2005 brannten die Vorstädte, das Land war in Aufruhr. 2010 kam es beim Freundschaftsspiel zwischen Frankreich und Algerien im Stade de France zum Eklat, weil algerische Fans bei der Marseillaise pfiffen. Frankreich spielte zu Hause auswärts, kommentierte Autor Riolo. Wenig später meuterte das Team im Trainingslager bei der WM in Südafrika. Eine Posse jagte die nächste.
"Wenn ich treffe, bin ich Franzose, wenn nicht, bin ich Araber"

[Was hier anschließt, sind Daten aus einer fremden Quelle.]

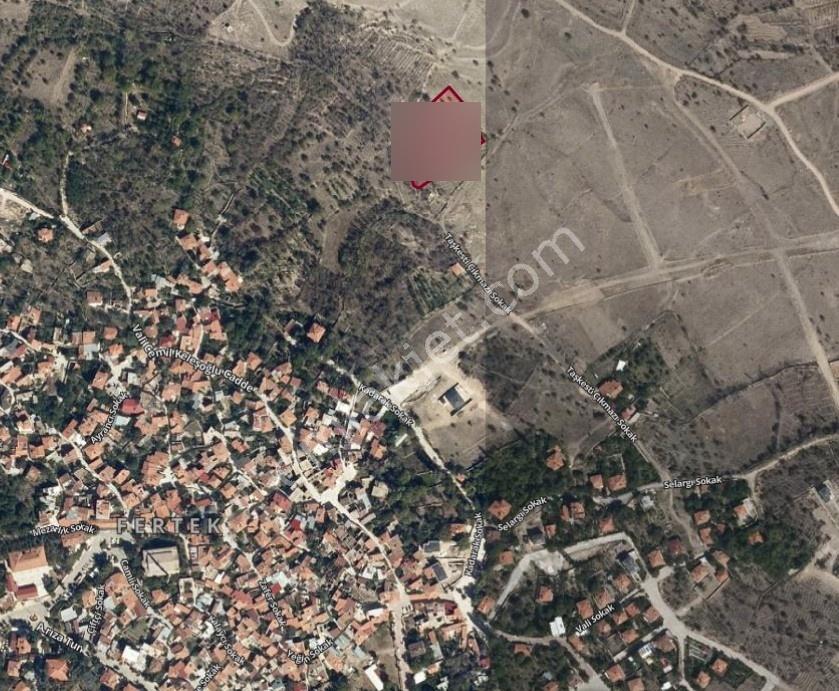 Dora Gayrimenkul'den Harika Konumda 4.163m2 Köşebaşı 4 Arsa - Görsel 3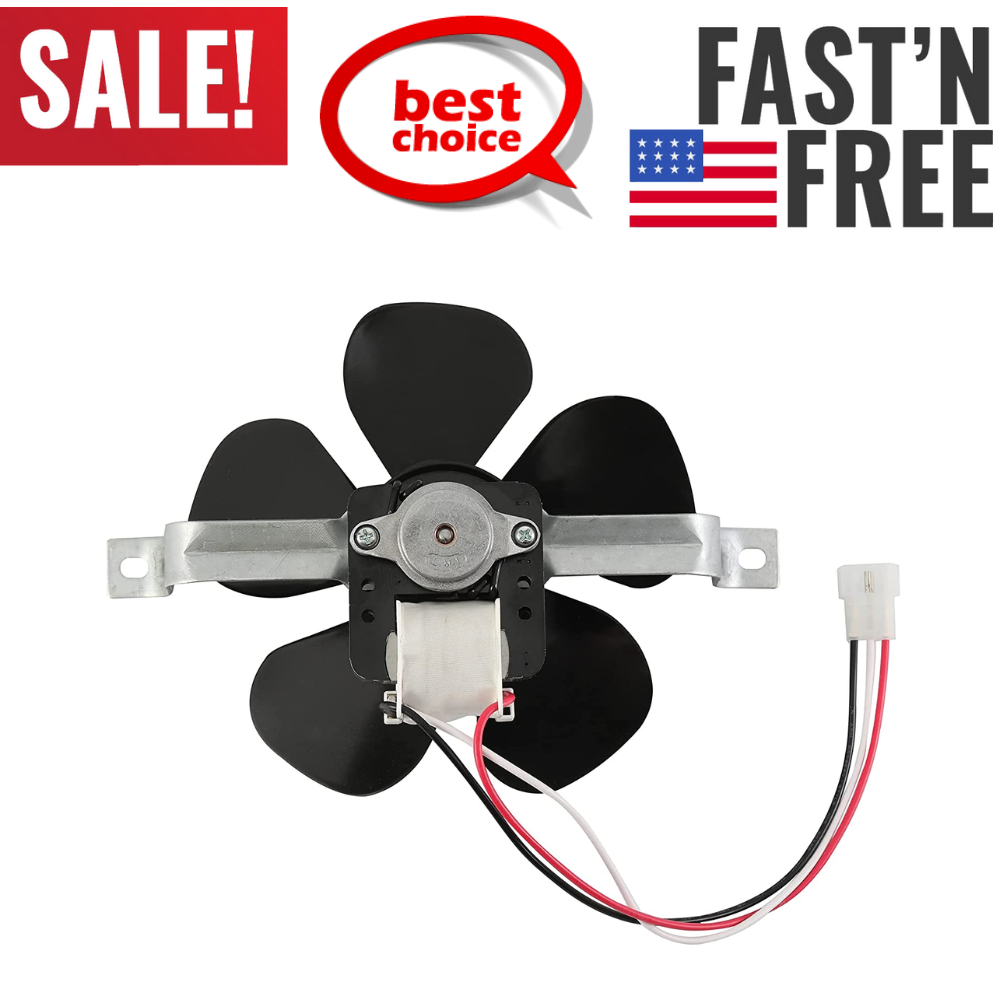 Range Hood Vent Fan Blade Motor Assembly Kitchen Exhaust Kenwood NuTone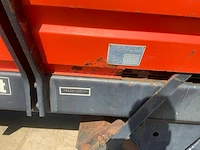 1986 deutz-fahr k550 opraapwagen - afbeelding 26 van  33
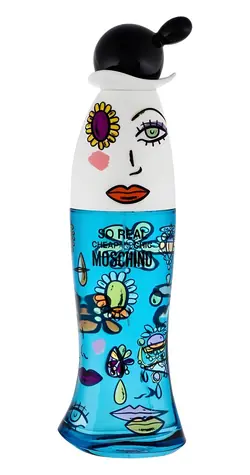 Moschino Cheap And Chic So Real Toaletní voda 100 ml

Die Equipe Tricolore diente als Projektionsfläche für nationale Identität, und nur so sind die Debatten zu verstehen. Wenn Karim Benzema die Nationalhymne nicht mitsingt, ist das in Frankreich ein Politikum. "Wenn ich treffe, bin ich Franzose, wenn ich nicht treffe, bin ich Araber", sagte Benzema. Der Stürmer hat nie einen Hehl daraus gemacht, dass er sich im Herzen als Araber fühlt.
In der französischen Nationalmannschaft zeigt sich das Integrationsproblem wie unter einem Brennglas. 2008 forderte der französische Nationalspieler Eric Abidal, dass die Speisen in der Vorbereitung "halal" sein sollten – also frei von Blut, Schweinefleisch, Schweinefett und Alkohol. Der wankelmütige Nationaltrainer Raymond Domenech gab dem Druck nach und verordnete im Trainingscamp von Clairefontaine ein Halal-Menü. Die Nation grollte.
Die Fußballelite eines streng laizistischen Landes machte sich religiöse Insignien zu eigen – und dann auch noch die des Islam. In der Umkleidekabine wurden Gebetsteppiche ausgerollt. WM-Torhüter Fabien Barthez sagte: "Wenn man in die Umkleidekabine kam, glaubte man sich in einer Moschee." Der Soziologe Gilles Kepel warnte vor einer "Halalisierung" der Nationalmannschaft.
Im aktuellen Kader der Equipe Tricolore stehen vier Muslime: Karim Benzema, Paul Pogba, Moussa Sissoko und Bacary Sagna. Bei der WM 2014, die mit dem Ramadan zusammenfiel, fragten besorgte Beobachter, ob die fastenden Fußballer überhaupt noch leistungsfähig seien. Im Sport stellte sich plötzlich die brisante Frage, die in der Politik mit rhetorischer Finesse beiseitegeschoben wird: Gehört der Islam zu Frankreich?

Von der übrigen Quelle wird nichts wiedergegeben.